Gençlik Rehberi mahkemesi

"Biz erkenden gidip mahkeme salonundaki yerimize oturmuştuk. Ortalık çok kalabalıktı. Üstad, ayağında yün çorapla eski bir lâstik ayakkabı, başında sarık ve sırtında cübbe ile geldi. Bu sırada içeride kalabalık bir grup halinde bulunan stajer hakimler ve avukatlar birbirlerine Üstadın geldiğini işaret ediyorlardı.

"Üstad geçip yerine oturdu. Fakat içerisinin kalabalık oluşu sebebiyle hakimlerin rahat vazife görmesi pek mümkün değildi. Kalabalık, hakim kürsüsünün arkasına kadar her tarafı işgal etmişti. Polisler bu duruma mâni olamamışlardı.

"Hakim bu duruma çok kızmış ve 'Çekilin arkamdan, mahkemeye başlayacağım' diye bağırmaya başlamıştı.

"İçeride bulunan o kadar polisten yardım istedi. Polisler sanki Türkçe bilmiyorlar, aval aval hakimin yüzüne bakıyorlardı. Sinirlenen hakim, 'Yahu size diyorum. Siz Türkçe bilmiyor musunuz? Şu kalabalığı dağıtın, izdihamı önleyin' diyerek polislere bağırıyordu. Polislerde aynı sükût ve çaresizlik devam ediyordu. Hakim başını iki eli arasına alarak düşünmeye başladı. Sonunda Üstada hitaben şöyle dedi: 'Hocaefendi, lütfen talebelerinize söyleyin de çekilsinler. Mahkemeye başlayacağız.'

"Üstad ayağa kalktı ve 'Beni sevenler kapıya kadar çekilsinler dedi. Kalabalık kapıya kadar çekildi.

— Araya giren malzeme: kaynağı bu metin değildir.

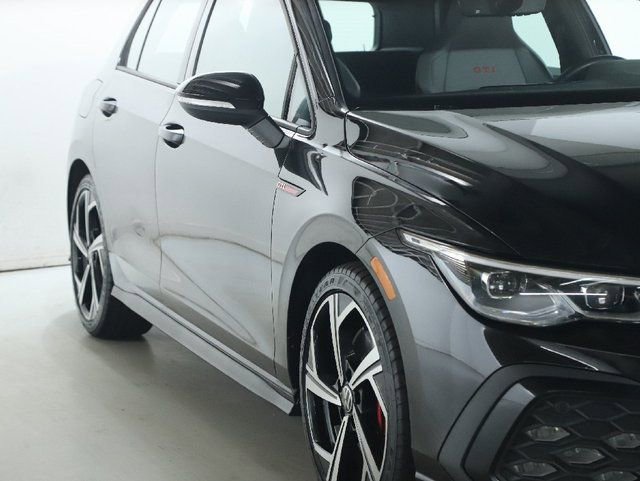 Used 2024 Volkswagen GTI SE FWD image 8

"Hakim Üstada, 'Sarığınızı çıkarınız' dedi. Üstad, 'Bu boynumu kesersiniz, fakat bu sarığı çıkaramazsınız' mânâsında eliyle boğazını işaret etti.

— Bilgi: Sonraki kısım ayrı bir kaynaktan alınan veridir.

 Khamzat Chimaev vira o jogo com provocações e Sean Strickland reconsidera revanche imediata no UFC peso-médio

"Bu arada mübaşir, Üstadın, hakimin sözünü duymadığını zannederek yüksek sesle, 'Hocaefendi, Hocaefendi! Hakim, sarığınızı çıkarın diyor' dedi. Mahkeme başkanı mübaşire müdahale ederek, 'Tamam, biz anlaştık. Sen aradan çekil' dedi.

 

Barla Nahiye Müdürünün hanımının Üstaddan ders alışı

"Üstad Hazretlerinin birgün bana şöyle bir tavsiyesi olmuştu: 'Bir çatı altında yabancı bir kadınla, sakın yalnız olarak bulunma. İster ders, ister başka bir vesileyle olsun. Bunu sakın yapma. Çocuk dahi olsa, yanında muhakkak bir kimse bulunsun.'

"Sonra da başından geçen şu hadiseyi anlattı:

"Barla'daki Nahiye Müdürü benden ders alıyordu. Aldığı dersi de evde hanımına anlatıyormuş. Ailesi de, mutlaka benim ağzımdan ders almayı arzu ediyormuş. Benim ise kadınlarla bir alâkam yok. Müdür Bey gelir gider, hanımının da ders almasını isterdi. Nihayet birgün, 'Seninle beraber mestûre olarak gelsin. Senin hatırın için bir ders vereyim' dedim. Geldiler. İşin garibi şu ki, kadın ayakkabısını dışarıya, kocası da içeriye çıkarmıştı. Ben de kimse gelmesin diye kapıyı kilitlemiştim. Ders esnasında kapı açılmak için zorlanmıştı. Bu arada ben hemen ayakkabılara baktım. Hanımın ayakkabısı dışarıda idi. Dersten sonra müdür ve hanımı gittiler. Biraz sonra kapıyı zorlayan geldi. Ona dedim: 'Dışarıda kadın ayakkabılarını gördüğün zaman kalbine bir şey geldi mi?' 'Üstadım, kat'iyyen birşey gelmedi' dedi.'

"Üstad konuşmalarında sık sık, 'İhtiyatı, tedbiri elden bırakmayın' diyerek bizi ikaz ederdi."